Glasses or contacts ?


----------



## tecboy (Jan 5, 2015)

I'm 13, so how old are you?


----------



## BillM (Jan 5, 2015)

Haven't heard a peep from him since the cafeteria closed for renovations. Maybe he'll return when the burrito bar is back up and running


----------



## Tailgunner (Jan 5, 2015)

Gary A. said:


> Why have I only seen your texts but no images?



You beat me to it lol 

Oh well, do you give lessons? I never seen an image one but you always make since with your advice.


----------



## astroNikon (Jan 5, 2015)

please describe in detail the good and bad nuances of every camera and every lens you have ever owned.  Put it in book form, so that I can copywrite it and publish it.

Also, tell me again why the Nikon 85mm/1.8 AF-D is a junk lens ?


yes, I spelled copyright incorrectly


----------



## minicoop1985 (Jan 5, 2015)

What the hell is dynamic range?


----------



## 480sparky (Jan 5, 2015)

minicoop1985 said:


> What the hell is dynamic range?



A stove with a 4-octave singing voice.


----------



## kundalini (Jan 5, 2015)

What other 3 flavor enhancements do you take on your fishing trips?  The fist three should be a given.  Salt (Kosher or Sea?), Fresh Ground Pepper and a fresh lemon.

Go!


----------



## pgriz (Jan 5, 2015)

Explain to me again why color-aware metering is important.


----------



## snowbear (Jan 5, 2015)

What was Mathew Brady _really_ like?


----------



## 480sparky (Jan 5, 2015)

Why is uniWB green?


----------



## terri (Jan 5, 2015)

Made any new recordings lately?


----------



## limr (Jan 5, 2015)

terri said:


> Made any new recordings lately?



Girl, you beat me to it!
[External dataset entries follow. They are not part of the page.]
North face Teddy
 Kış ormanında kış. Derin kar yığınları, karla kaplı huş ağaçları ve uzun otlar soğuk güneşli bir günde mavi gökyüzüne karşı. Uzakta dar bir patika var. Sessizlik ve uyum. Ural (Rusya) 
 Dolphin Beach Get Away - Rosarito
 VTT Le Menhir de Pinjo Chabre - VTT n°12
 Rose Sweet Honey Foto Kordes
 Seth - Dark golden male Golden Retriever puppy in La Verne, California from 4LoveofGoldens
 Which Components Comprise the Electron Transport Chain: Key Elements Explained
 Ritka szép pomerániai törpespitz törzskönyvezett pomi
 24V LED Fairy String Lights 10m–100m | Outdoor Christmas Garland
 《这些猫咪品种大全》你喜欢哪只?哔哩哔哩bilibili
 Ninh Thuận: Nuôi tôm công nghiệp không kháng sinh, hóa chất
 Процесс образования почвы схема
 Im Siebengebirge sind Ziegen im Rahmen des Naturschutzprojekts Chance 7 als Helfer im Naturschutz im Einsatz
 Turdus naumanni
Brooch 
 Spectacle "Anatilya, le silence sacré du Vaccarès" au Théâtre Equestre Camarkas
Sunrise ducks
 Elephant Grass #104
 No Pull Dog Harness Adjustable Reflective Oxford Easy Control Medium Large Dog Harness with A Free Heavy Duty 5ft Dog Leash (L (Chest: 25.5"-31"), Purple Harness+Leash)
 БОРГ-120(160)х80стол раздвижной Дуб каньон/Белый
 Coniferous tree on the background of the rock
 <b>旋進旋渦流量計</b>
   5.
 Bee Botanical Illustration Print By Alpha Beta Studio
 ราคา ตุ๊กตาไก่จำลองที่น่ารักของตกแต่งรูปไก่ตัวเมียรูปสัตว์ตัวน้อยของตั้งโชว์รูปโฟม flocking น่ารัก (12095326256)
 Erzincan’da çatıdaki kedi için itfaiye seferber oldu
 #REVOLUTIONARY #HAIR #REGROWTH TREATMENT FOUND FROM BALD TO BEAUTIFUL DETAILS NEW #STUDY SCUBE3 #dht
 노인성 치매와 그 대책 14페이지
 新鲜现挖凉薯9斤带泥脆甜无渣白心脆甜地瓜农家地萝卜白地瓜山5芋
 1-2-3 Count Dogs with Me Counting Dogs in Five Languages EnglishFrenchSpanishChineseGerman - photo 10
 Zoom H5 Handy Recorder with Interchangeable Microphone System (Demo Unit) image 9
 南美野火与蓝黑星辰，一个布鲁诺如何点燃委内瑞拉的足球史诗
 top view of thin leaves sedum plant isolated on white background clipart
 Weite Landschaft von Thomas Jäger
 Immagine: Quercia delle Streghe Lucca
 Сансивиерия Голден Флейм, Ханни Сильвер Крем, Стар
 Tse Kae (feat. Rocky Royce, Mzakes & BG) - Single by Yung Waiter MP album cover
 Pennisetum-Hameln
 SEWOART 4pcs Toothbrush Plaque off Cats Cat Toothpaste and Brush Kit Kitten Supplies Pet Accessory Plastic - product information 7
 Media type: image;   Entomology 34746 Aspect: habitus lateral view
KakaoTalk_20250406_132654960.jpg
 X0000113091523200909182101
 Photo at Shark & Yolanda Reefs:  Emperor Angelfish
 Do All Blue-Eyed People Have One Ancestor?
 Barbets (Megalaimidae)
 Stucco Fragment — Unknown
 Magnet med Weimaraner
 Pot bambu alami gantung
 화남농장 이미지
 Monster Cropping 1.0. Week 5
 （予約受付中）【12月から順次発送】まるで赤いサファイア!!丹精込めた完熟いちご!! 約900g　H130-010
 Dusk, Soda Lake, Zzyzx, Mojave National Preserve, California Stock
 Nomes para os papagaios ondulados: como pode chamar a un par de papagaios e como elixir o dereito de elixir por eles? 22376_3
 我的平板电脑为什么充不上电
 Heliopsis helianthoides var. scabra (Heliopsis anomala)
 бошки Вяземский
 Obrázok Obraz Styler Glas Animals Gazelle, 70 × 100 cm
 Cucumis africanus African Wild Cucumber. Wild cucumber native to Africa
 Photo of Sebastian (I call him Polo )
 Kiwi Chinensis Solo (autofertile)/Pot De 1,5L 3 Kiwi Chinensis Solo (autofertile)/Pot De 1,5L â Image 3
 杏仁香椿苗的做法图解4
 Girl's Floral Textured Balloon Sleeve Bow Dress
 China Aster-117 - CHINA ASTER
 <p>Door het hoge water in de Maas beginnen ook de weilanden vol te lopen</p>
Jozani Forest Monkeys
I swear I was about to ask that


----------



## terri (Jan 5, 2015)

limr said:


> terri said:
> 
> 
> > Made any new recordings lately?
> ...


 Great minds, Lenny.   Great minds...


----------



## minicoop1985 (Jan 5, 2015)

What's a Bronica?


----------



## mishele (Jan 6, 2015)

Boxers or briefs?


----------



## sm4him (Jan 6, 2015)

mishele said:


> Boxers or briefs?



NOOOOO, don't ask THAT!! You might just find out there's a THIRD option, lol!


----------



## astroNikon (Jan 6, 2015)

sm4him said:


> mishele said:
> 
> 
> > Boxers or briefs?
> ...


Commando probably !!


----------



## runnah (Jan 6, 2015)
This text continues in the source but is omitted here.